The primary aim of the "Novel Excerpts" blog category is to showcase my creative writing, specifically from the novels I've written. Hopefully, these posts will provide a glimpse into my storytelling style, themes, and narrative skills. It's an opportunity to share my artistic expressions and the worlds I've created through my novels.
The Boaz Secrets, written in 2018, is my third novel. I'll post a chapter a day over the next few weeks.
Book Blurb
Fifteen year-old Matt Benson moves with Robert, his widowed father, to Boaz, Alabama for one year as Robert conducts research on Southern Baptist Fundamentalism. Robert, a professor of Bible History and new Testament Theology at the University of Chicago’s Divinity School enlists Matt to assist him as an undercover agent at First Baptist Church of Christ. Matt’s job is to befriend the most active young person in the Church’s youth group and learn the heart and mind of teenagers growing up as fundamentalist Southern Baptists.
Olivia Tillman is the fourteen year old daughter of Betty and Walter Tillman. He is the pastor of First Baptist Church of Christ. Robert and Matt move to Boaz in June 1970, and before high school begins in mid-August, Matt and Olivia become fast friends. Olivia’s life is centered around her faith, her family, and her friends. She is struck with Matt and his doubts and vows to win him to Christ. Over the next year, Matt and Olivia’s relationship blossoms into more than a teenage romance, despite their different religious beliefs.
June 1971 and Matt’s return to Chicago comes too quickly, but the two teenagers vow to never lose what they have, even promising to reunite at college in three years after Olivia graduates from Boaz High School.
The Boaz Secrets is told from the perspective of past and present. The story alternates between 1970-1971, and 2017-2018. After Matt left Boaz in June 1971, life happened and Olivia and Matt’s plans fell apart. However, in December 2017, their lives crossed again, almost miraculously, and they have a month in Boaz to catch up on forty-six years of being apart. They attempt to discover whether their teenage love can be rekindled and transformed into an adult romance even though Matt is 63 and Olivia is 61.

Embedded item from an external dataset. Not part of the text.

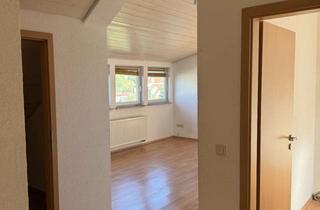 Wohnung mieten in Altenhaustraße, 71111 Waldenbuch, Wohnraum mit Potenzial: 2,5-Zimmer-Wohnung in Waldenbuch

In 2017, Olivia and Matt are quick to learn they are vastly different people than they were as fifteen and sixteen year old teenagers– especially, when it comes to religion and faith. Will these religious differences unite them? The real issue is the secret Olivia has kept. Will Matt’s discovery destroy any chance he and Olivia have of rekindling their teenage relationship?
Chapter 24
December 23 & 24, 2017
The email arrived at 4:19 a.m. Saturday morning. I didn’t see it until sunrise. I was sitting out on the front porch in the swing in two layers of clothes and my sleeping bag draped over me. There was a light dusting of snow on the untraveled street and sidewalk. It was the coldest I could ever recall from my time here in the South.

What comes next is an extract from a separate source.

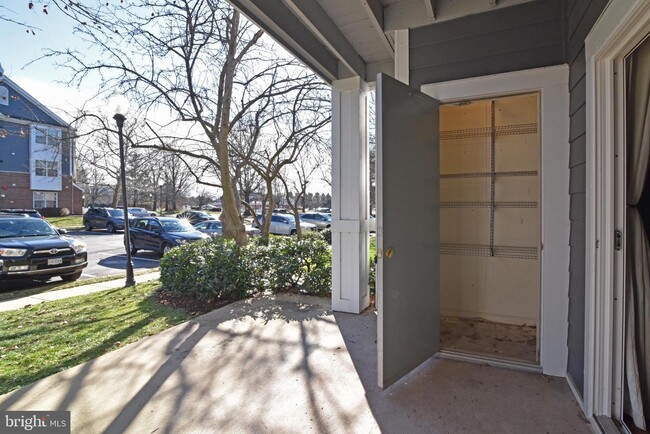Building Photo - 20301 Beechwood Terrace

Jerry’s lab time had been delayed until yesterday. Jerry was as terse as always, ‘match and no match.’ What the hell did that mean? I almost missed it. Two lines below his professional signature including the University’s address, two phone numbers, and a web address, he had written, ‘Call me. Now.’
Then, it made sense. I hadn’t been able to sleep inside. Earlier this morning, I had awoken. At first, I thought I had been dreaming, a mysterious hand was writing on the side of the house. It turned out it was a tree limb screeching against my bedroom window. The dream had returned quickly. It was like the walls were shrinking and compressing against me. I believed I was smothering. That feeling had led me out here. Now, I knew someone, something, had been trying to communicate with me, motivating me to read what, no doubt, was a life-changing email.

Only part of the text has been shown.